If you make a request to GET https://myapp.org/schemas/record.json?refs=1
,
you will get something similar to:
{
"$schema": "http://json-schema.org/draft-04/schema#",
"id": "https://myapp.org/schemas/record.json",
"definitions": { ... },
"type": "object",
"properties": {
"title": { "type": "string" },
"creator": {
// person.json schema will be fetched and expanded here
...
},
"origin": {
"type": "object",
"properties": {
"city": { "stype": "string" },
"country": { "stype": "string" },
"address": { "stype": "string" }
}
}
}
}
The module also expands the allOf
tags when the resolved=1
querystring
parameter is passed or the JSONSCHEMAS_RESOLVE_SCHEMA
configuration
variable is set to True
. A schema example that includes the allOf
tag
can be shown below:
...
"id": "https://myapp.org/schemas/record.json",
"allOf": [
{ "properties": { "title": { "type": "string" } } },
{ "properties": { "status": { "enum": [ "published", "draft" ] } } }
]
...
If you make a request to GET https://myapp.org/schemas/record.json?resolved=1
you would get a response in the following format:
...
// The "allOf" items have been merged in a single object
"properties": {
"title": { "type": "string" },
"status": { "enum": [ "published", "draft" ] }
}
...
Note on storing absolute URLs¶
As discussed in this issue, it is not recommended to store and expose
absolute URLs in the $ref
, as they can change in the future. One should
instead try to use DOI/EPIC or other kind of identifiers with the certitude
that they will never change, to avoid broken references.

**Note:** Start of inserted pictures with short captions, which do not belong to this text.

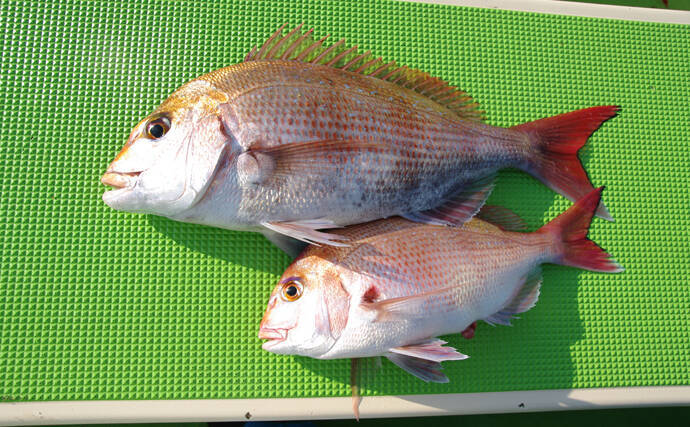 サカナ界の最大派閥 スズキ目 の意外な魚種11選 タチウオも 19年11月22日 エキサイトニュース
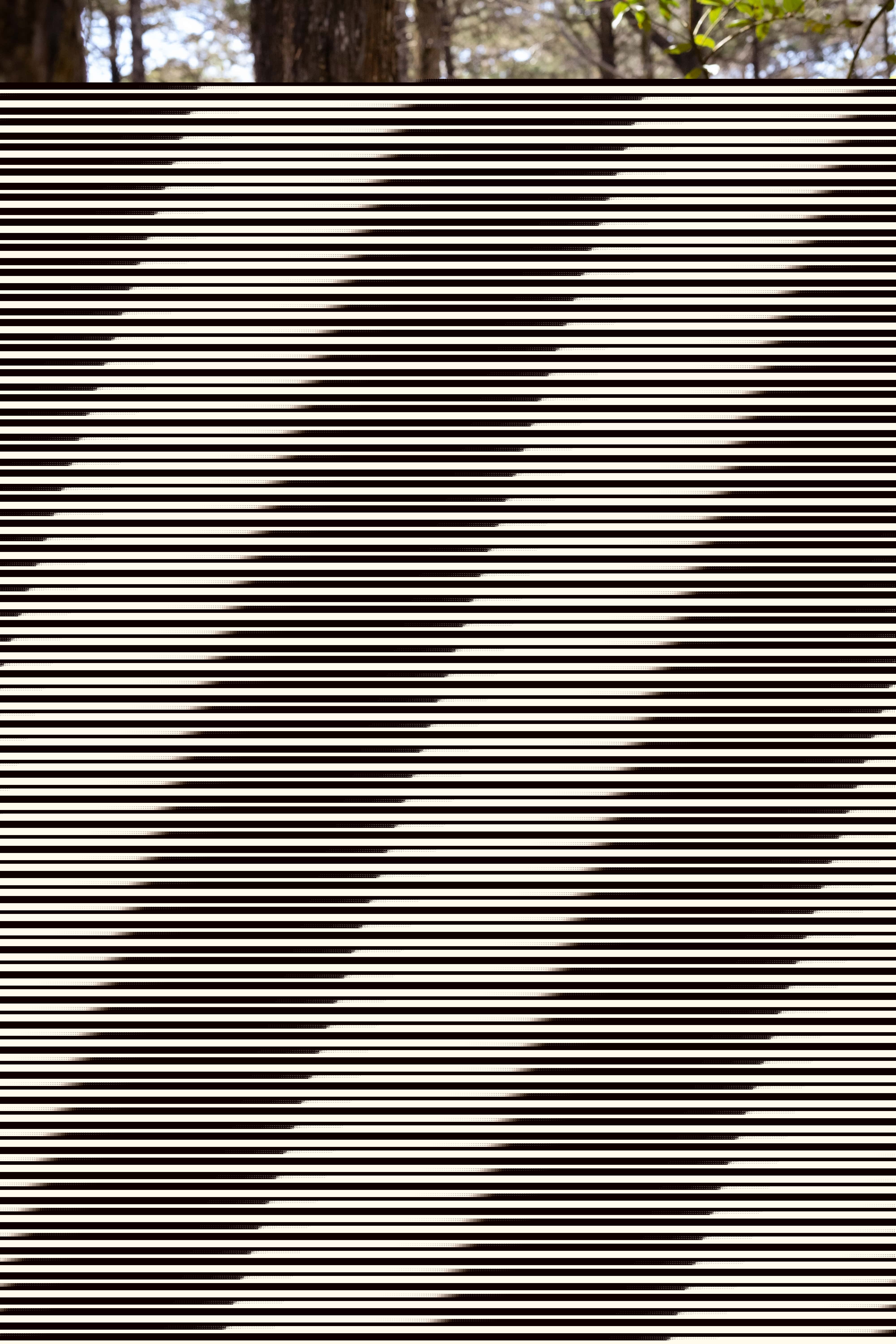 Live sex webcam photo for MsAnny #7140676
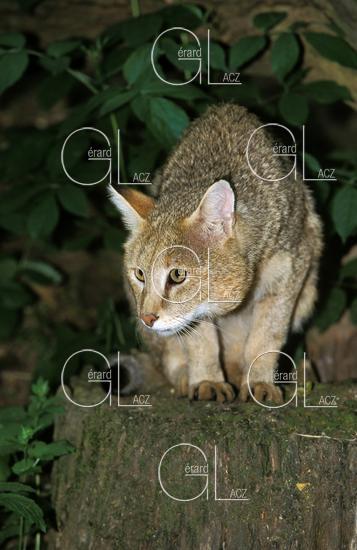 Chat des Marais ou Chat Chauss ou Chat de Jungle, felis chaus 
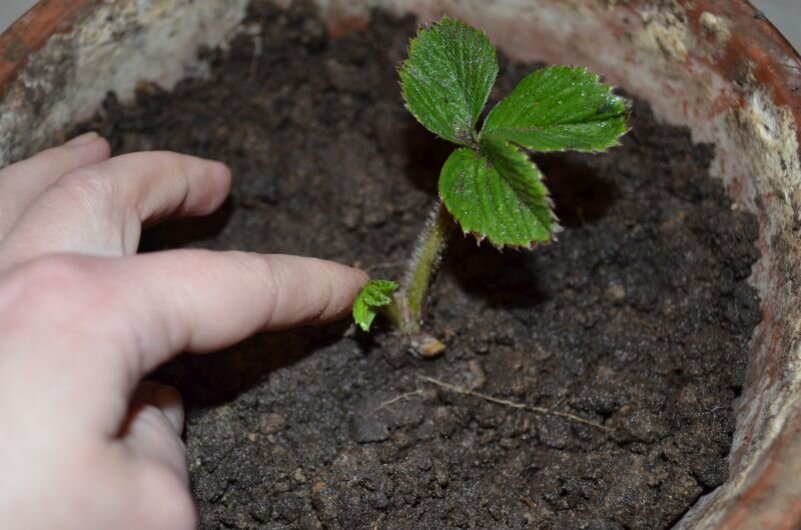 Клубника в горшках: Как вырастить сладкие ягоды дома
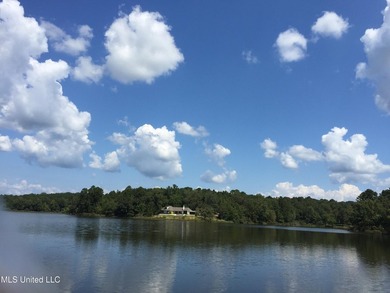 25 Acres on Lafayette Lake- Only 10 Minutes From Oxford, MS! - photo 6
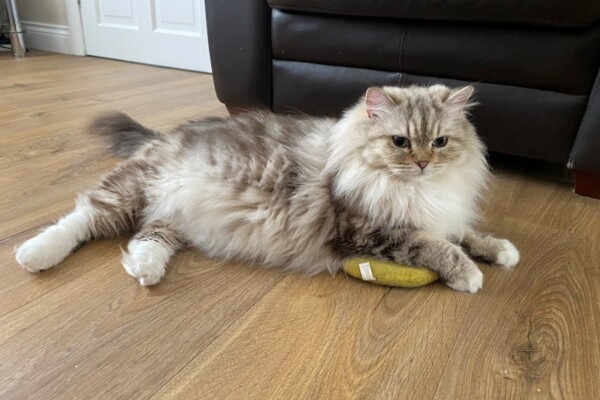 Olympian Gold Imperial Grand Champion Cheham Rainbow’s Gold (Esme) Photo of cat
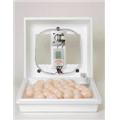 Miller Circulated Air Incubator W Fan White 17 Inch - 10200 Miller Circulated Air Incubator W Fan White 17 Inch - 10200
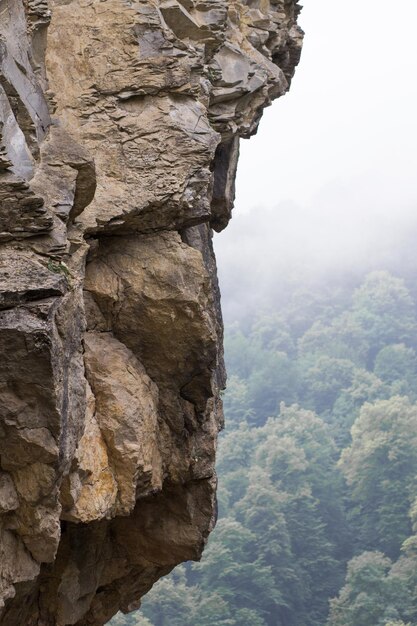 Imagen vertical de roca en el bosque de verano.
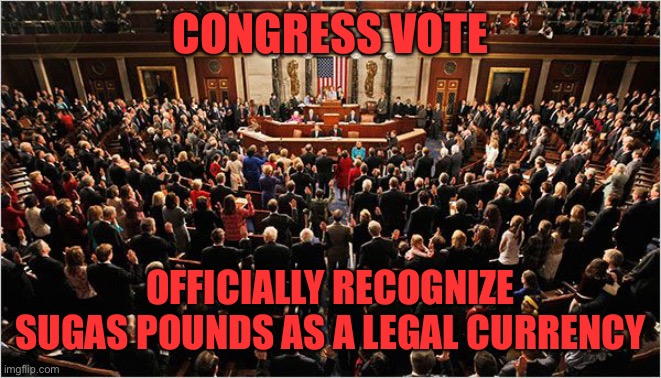 Congress | CONGRESS VOTE; OFFICIALLY RECOGNIZE SUGAS POUNDS AS A LEGAL CURRENCY | image tagged in congress | made w/ Imgflip meme maker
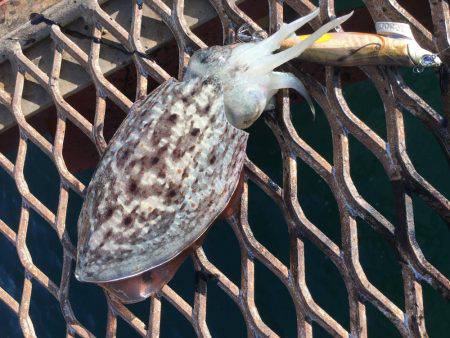 さ、さ、寒いですがエギング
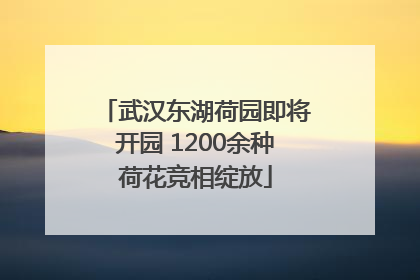 武汉东湖荷园即将开园 1200余种荷花竞相绽放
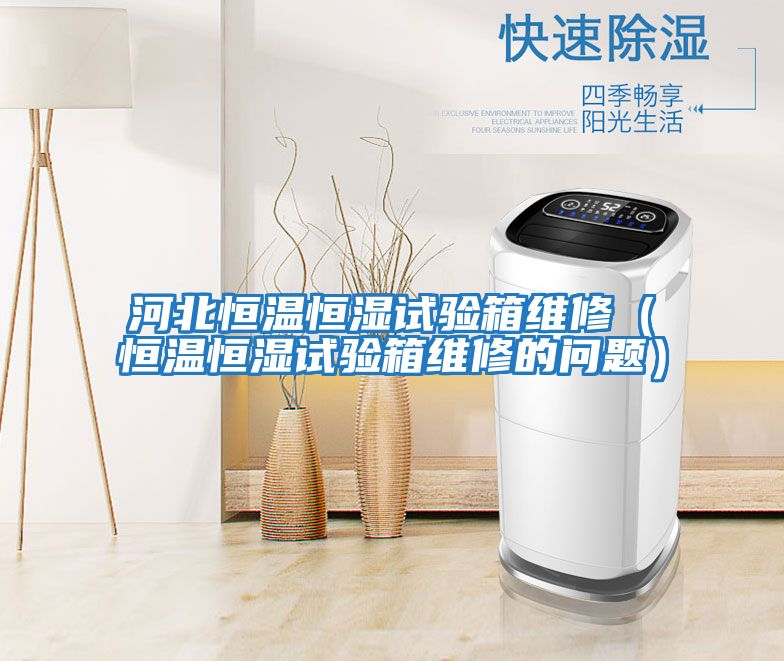 河北恒溫恒濕試驗箱維修（恒溫恒濕試驗箱維修的問(wèn)題）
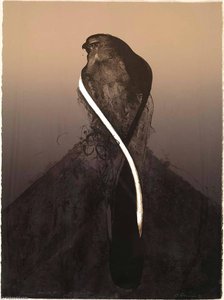 Hawk Iv, From The Series Acoma — Nathan Oliveira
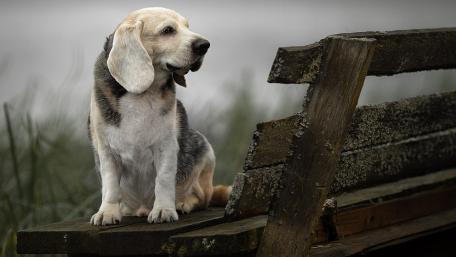 Charming Beagle on a Peaceful Bench wallpaper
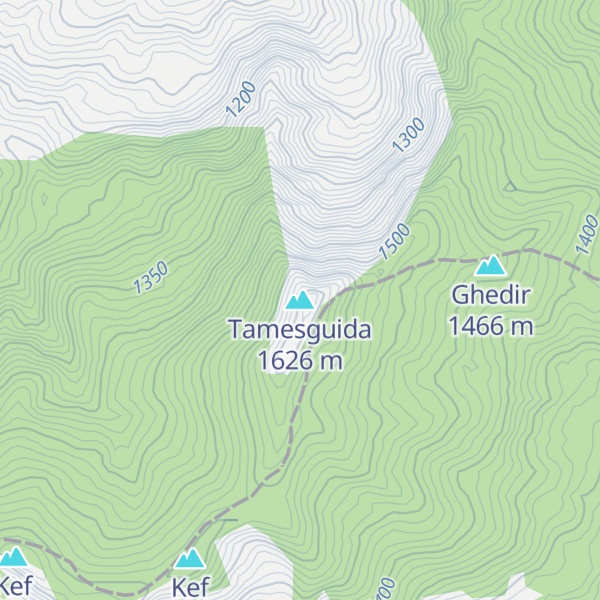 Map of Tamesguida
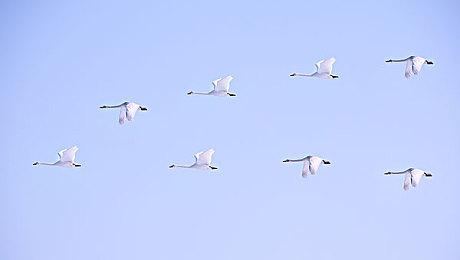 调查问卷显示育碧有意推出多档订阅服务套餐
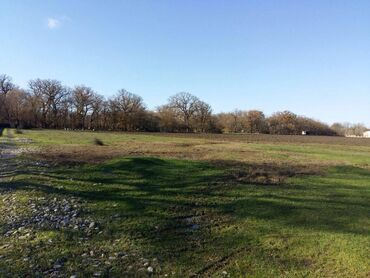 Torpaq sahələrinin satışı: 200 sot, Biznes üçün, Maklerlər narahat etməsin, Kupça (Çıxarış) -da lalafo.az — 9 Torpaq sahələrinin satışı: 200 sot, Biznes üçün, Maklerlər narahat etməsin, Kupça (Çıxarış) — 9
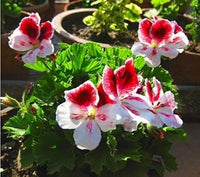 Light Yellow Univalve Geranium Flower Seeds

Using with Invenio-Records¶
Invenio-JSONSchemas includes an invenio_records.jsonresolver
entry point
item which registers a JSONResolver plugin for Invenio-Records. This basically
means that records that are being validated against schemas that include
$ref
s to locally defined schemas won’t do an HTTP request to fetch these
schemas, and resolve them locally. You can read more about record validation
in the documentation of Invenio-Records.